Set down the data again exactly. Pictures are not part of the copy.

***** GIVEN INFORMATION

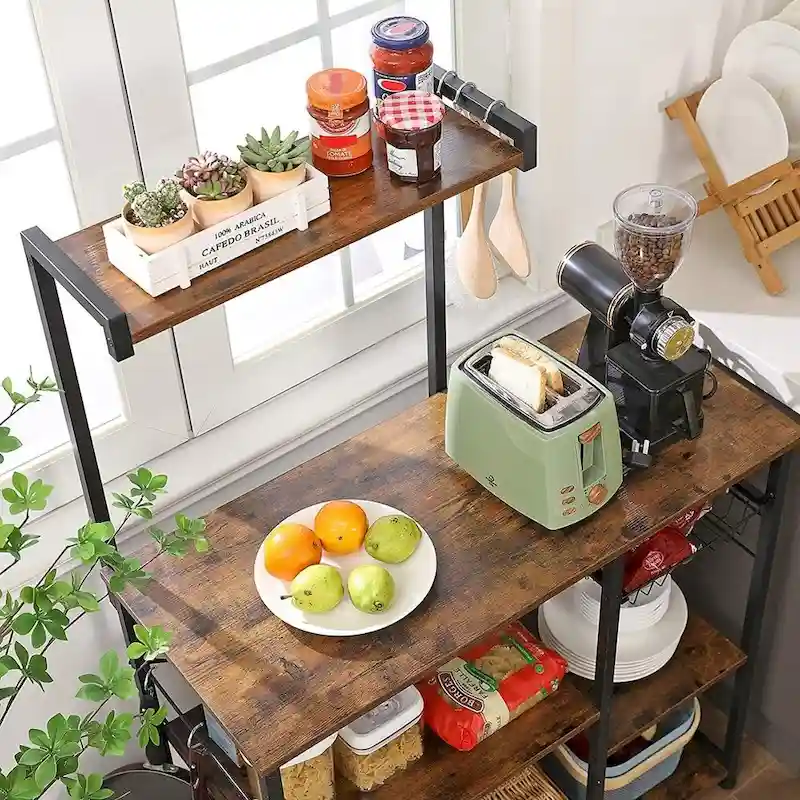 Kitchen Microwave Oven Stand Shelf with Wire Basket and 6 S-Hooks - 35.4L x 15.7W x 52H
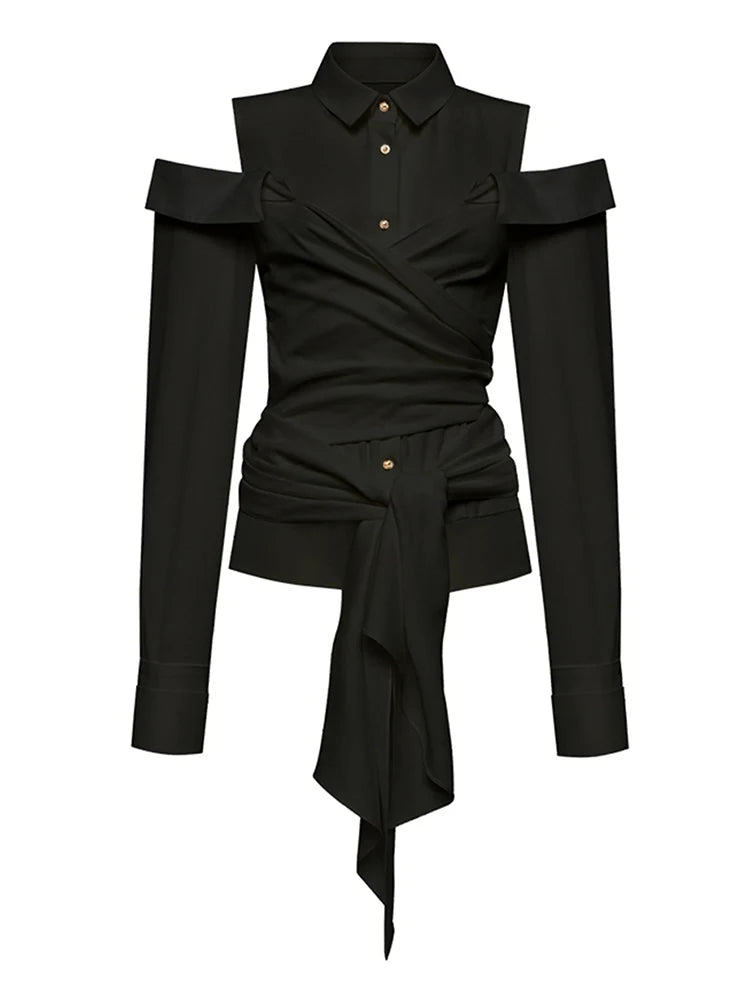 Off Shoulder Bandage Elegant Slim Lapel Long Sleeve Blouse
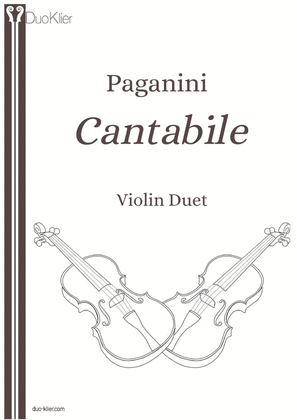 Book cover for Paganini - Cantabile (Violin Duet)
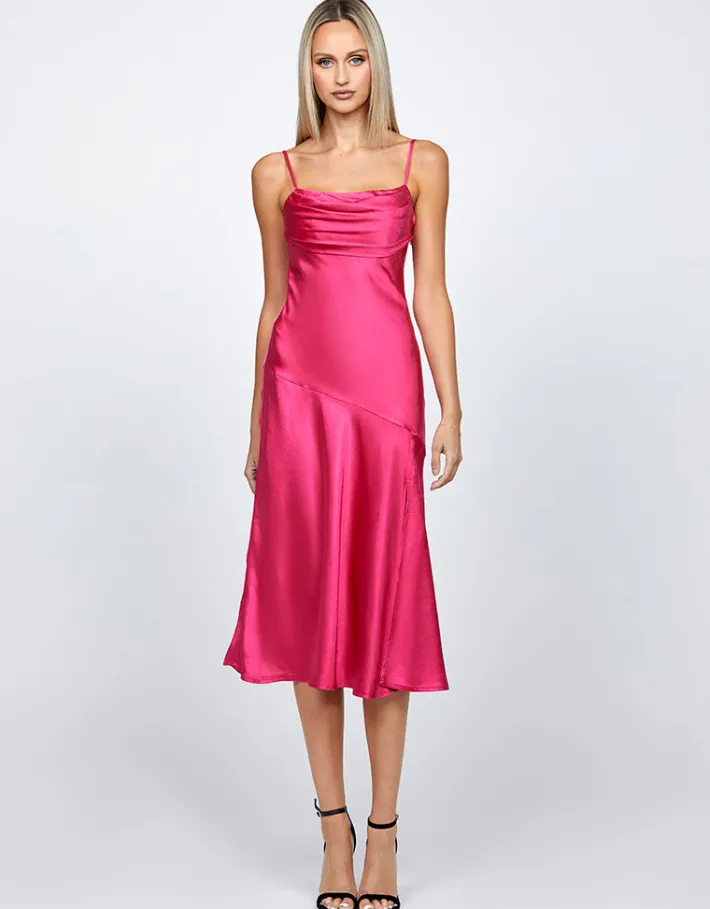 Midi Dresses | All Dresses<Bariano PEITA SATIN COWL NECK MIDI BL67D38S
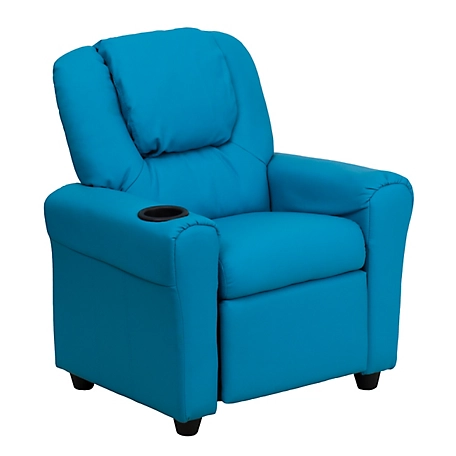 Flash Furniture Kids' Contemporary Vinyl Recliner with Cup Holder and Headrest, 90 lb.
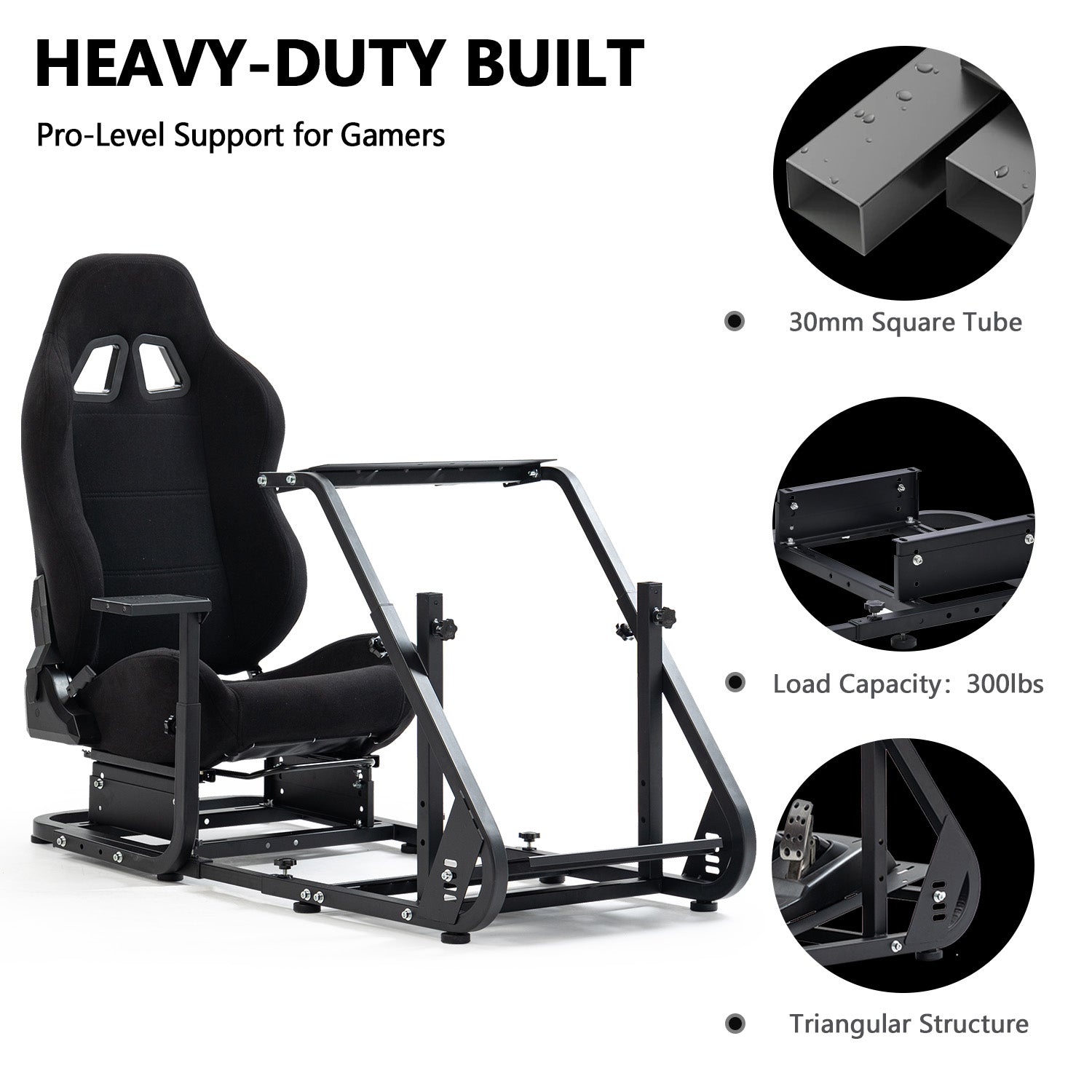 Minneer Racing Simulator Cockpit with Gaming Seat Adjustable Fit Logitech GPRO Thrustmaster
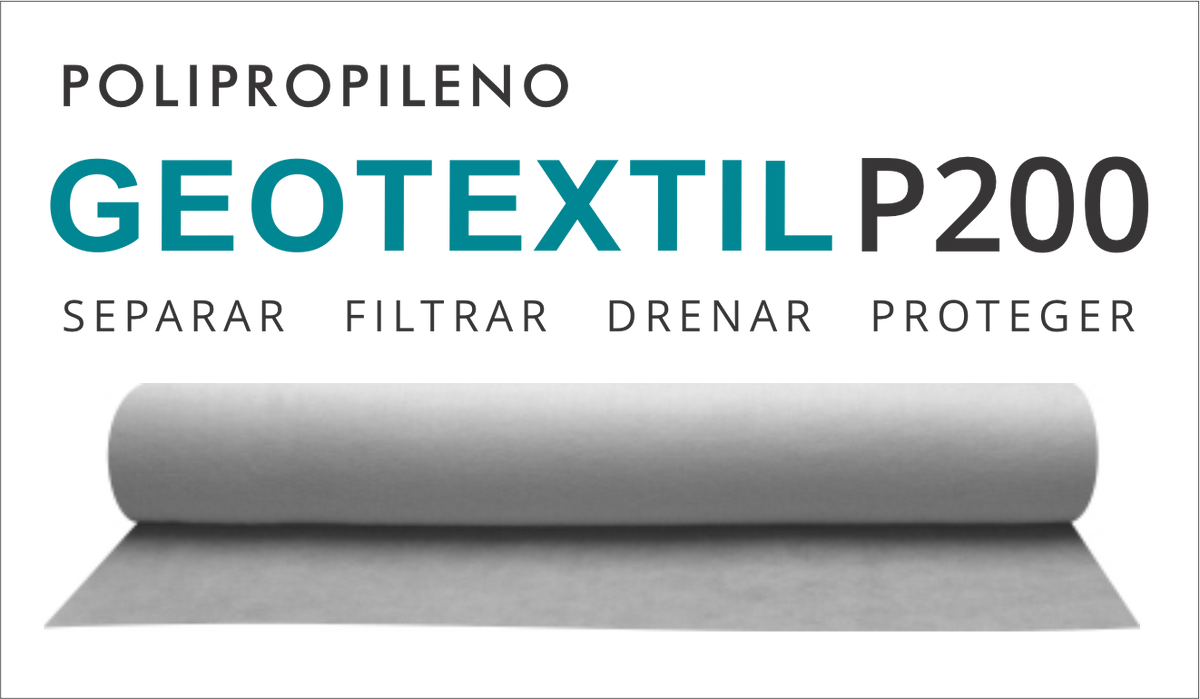 GEOTEXTIL POLIPROPILENO P200 (BLANCO) - 200grs/mt2 - Ancho 4,00mts x 100mts largo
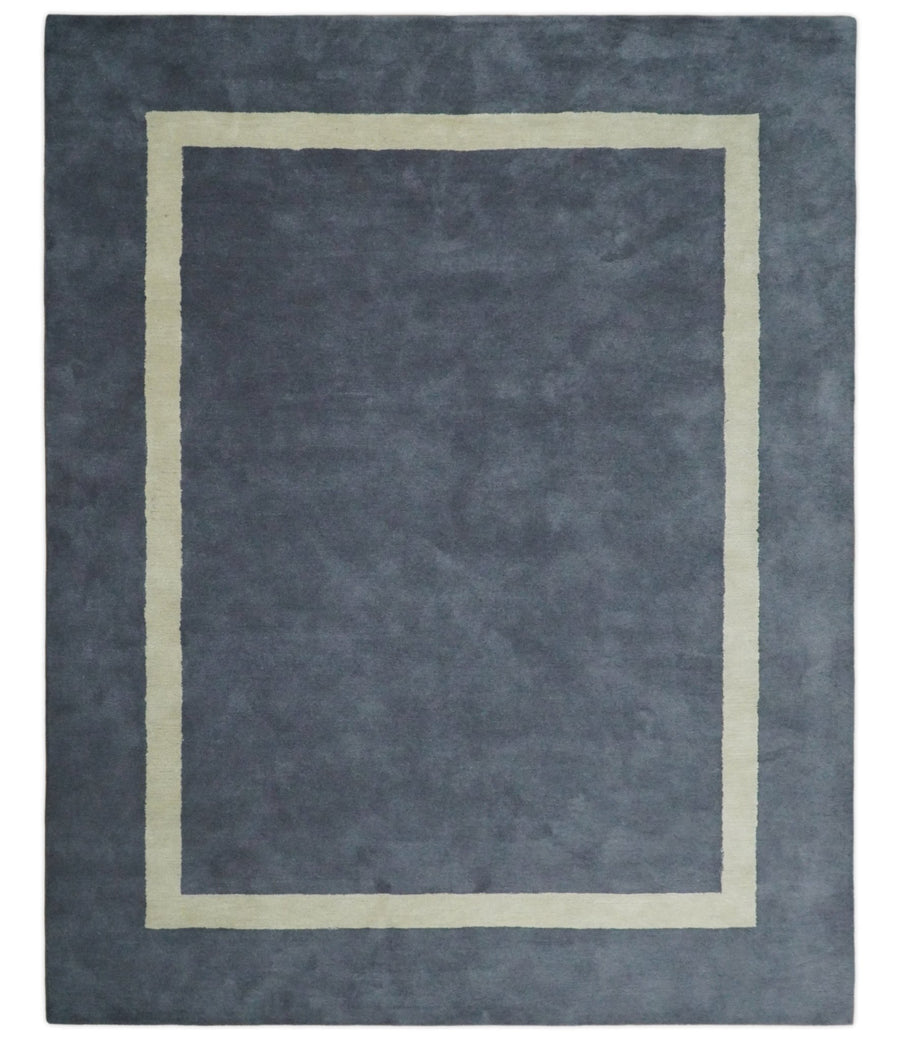 Solid 8x10 Gray and Beige Handmade Modern Scandinavian Wool Area Rug | SOL1 - The Rug Decor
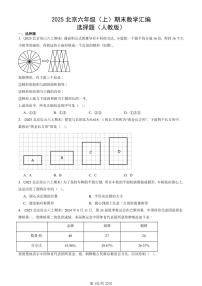 2025北京六年级（上）期末真题数学汇编：选择题（人教版）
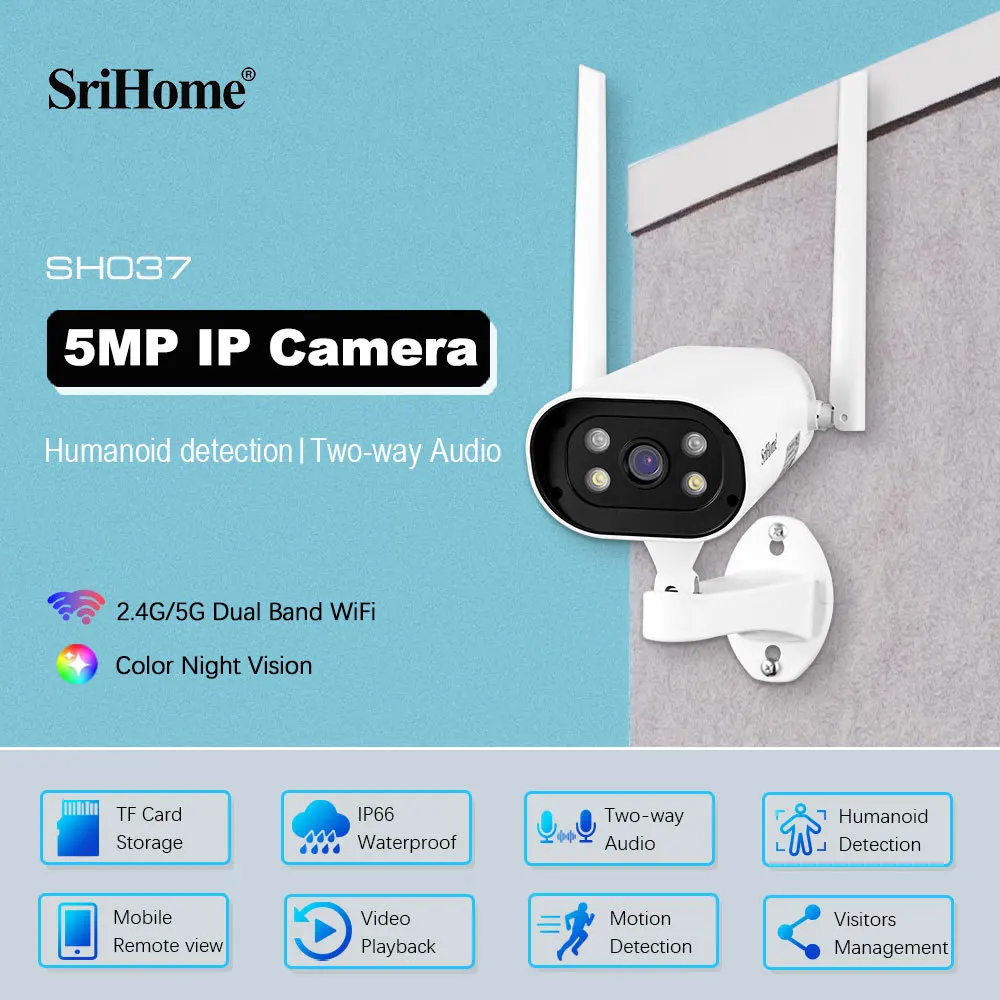 SriHome 사람 감지 오디오 P2P 보안 비디오 감시 카메라, 야외 카메라, SH037 5MP PTZ IP 카메라, 5G WiFi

**********

§ SOLUTION FOR THIS EXERCISE:
 Kitchen Microwave Oven Stand Shelf with Wire Basket and 6 S-Hooks - 35.4L x 15.7W x 52H
 Off Shoulder Bandage Elegant Slim Lapel Long Sleeve Blouse
 Book cover for Paganini - Cantabile (Violin Duet)
 Midi Dresses | All Dresses<Bariano PEITA SATIN COWL NECK MIDI BL67D38S
 Flash Furniture Kids' Contemporary Vinyl Recliner with Cup Holder and Headrest, 90 lb.
 Minneer Racing Simulator Cockpit with Gaming Seat Adjustable Fit Logitech GPRO Thrustmaster
 GEOTEXTIL POLIPROPILENO P200 (BLANCO) - 200grs/mt2 - Ancho 4,00mts x 100mts largo
 Solid 8x10 Gray and Beige Handmade Modern Scandinavian Wool Area Rug | SOL1 - The Rug Decor
 2025北京六年级（上）期末真题数学汇编：选择题（人教版）
 SriHome 사람 감지 오디오 P2P 보안 비디오 감시 카메라, 야외 카메라, SH037 5MP PTZ IP 카메라, 5G WiFi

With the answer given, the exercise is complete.